(November 11, 2019 at 6:51 pm)Grandizer Wrote: Haven't had the chance yet to read the next chapter, but I want to go back to this bit here:
(November 5, 2019 at 1:29 am)Belacqua Wrote: Angels, on the other hand, would be:
~ individual (There's only one Raphael, one Michael, one Uriel, etc. If Aquinas believed in Platonic Forms, there would be a Platonic Angel Form that exists "above" each particular angel's existence.)
~ created
~ having location (an angel can be said to be in a certain place and not in another)
Feser argues that each angel is their own species, since otherwise there's no principle of individuation to differentiate between them. But why couldn't location be that principle of individuation?
I think this depends on Aquinas' commitment to hylomorphism. Every physical thing, according to this, is "informed matter" -- matter which is currently held together according to a particular form. Each member of a species has the same (general) form, but differs from other members because its matter is particular to it.
So my cats Rosa and Sylvie both share the Form of "cat." But Rosa is Rosa and Sylvie is Sylvie because each is made of a different bunch of matter. The (naughty, trouble-making) Form of "cat" is imposed on a different glob of matter to create the two different members of the same species.
With angels (and I agree this is hard to believe) there is said to be form without matter.
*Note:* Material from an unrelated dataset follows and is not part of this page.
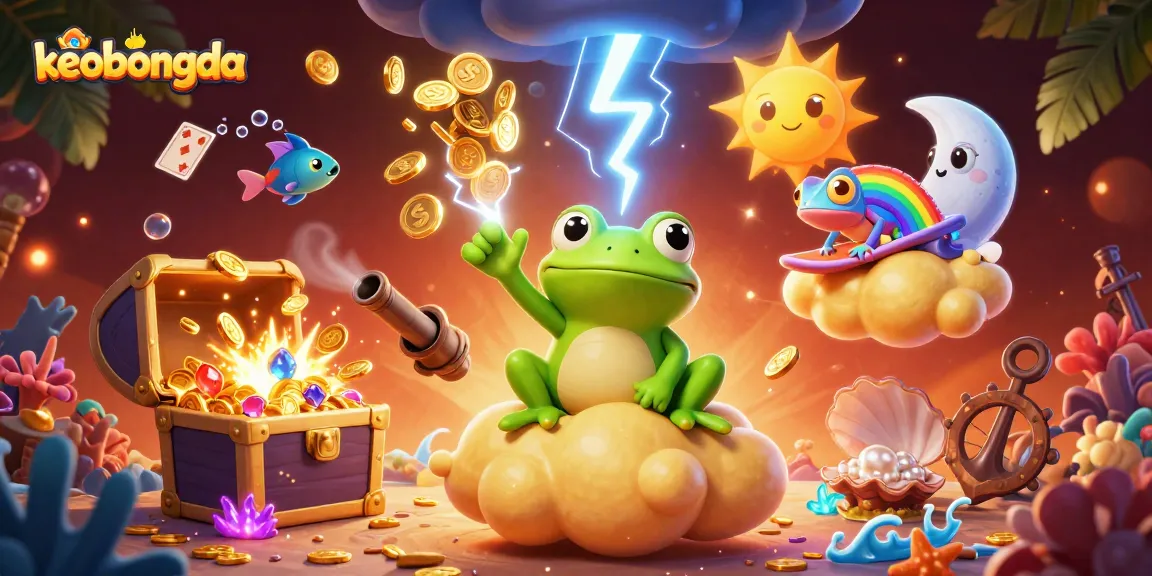Engage with keobongda's vibrant 3D illustrated scene of a weather wizard frog showering golden coins in a rich casino atmosphere.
Lacking matter, therefore, there would be nothing to differentiate them. Therefore if we want to preserve the idea that angels are individual, they have to have different Forms. So their relation to one another isn't like that of Rosa and Sylvie, it's more like that between roses and lilies.
I think that location isn't sufficient to differentiate them because a particular form doesn't change based on where it is. Forms are universal, and -- if they lacked matter -- would be identical no matter where they instantiated. Again, the analogy may be with numbers. The number 2 exists everywhere the same, but instantiates itself differently when there are two particular books or two particular rocks. Unless it is instantiated in a material object, it is the same universal abstract. So to avoid the idea that each angel is just a carbon copy or exact clone, each has to be its own individual Form.
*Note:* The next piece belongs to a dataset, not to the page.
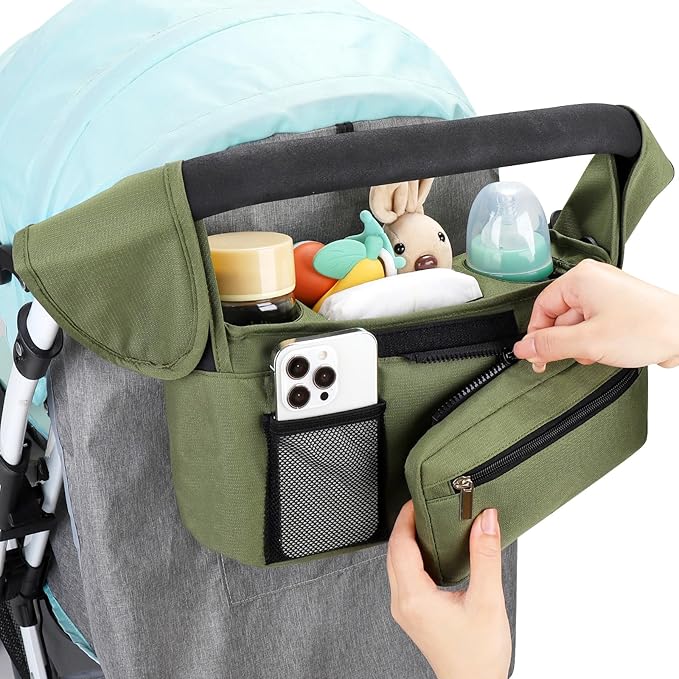Accmor Universal Stroller Organizer with Insulated Cup Holder Detachable Phone Bag and Shoulder Strap,Stroller Bag Caddy Organizer Fits for Uppababy, Baby Jogger, Britax Strollers-CubbioJoy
The article from Aeon that you linked to is over my head, like all that quantum physics stuff, but I'm pretty sure they're using the word "cause" in the modern sense, which is solely what Aristotle would call "efficient cause." Only one of the four. It seems to be pretty widely accepted these days that some quantum events happen without an efficient cause -- a push or a trigger to make it happen. Very often when someone is talking about a First Cause argument, and saying that there has to be a chain of causes, someone else will speak up and say that modern physics denies this -- that quantum events can happen without a cause. But since this objection is limited to only what Aristotle would call efficient cause, it doesn't really harm a First Cause argument. If someone claims that quantum events can occur without efficient cause, and that this knocks down the Thomist First Cause argument, he is only showing that he doesn't know what the argument really says.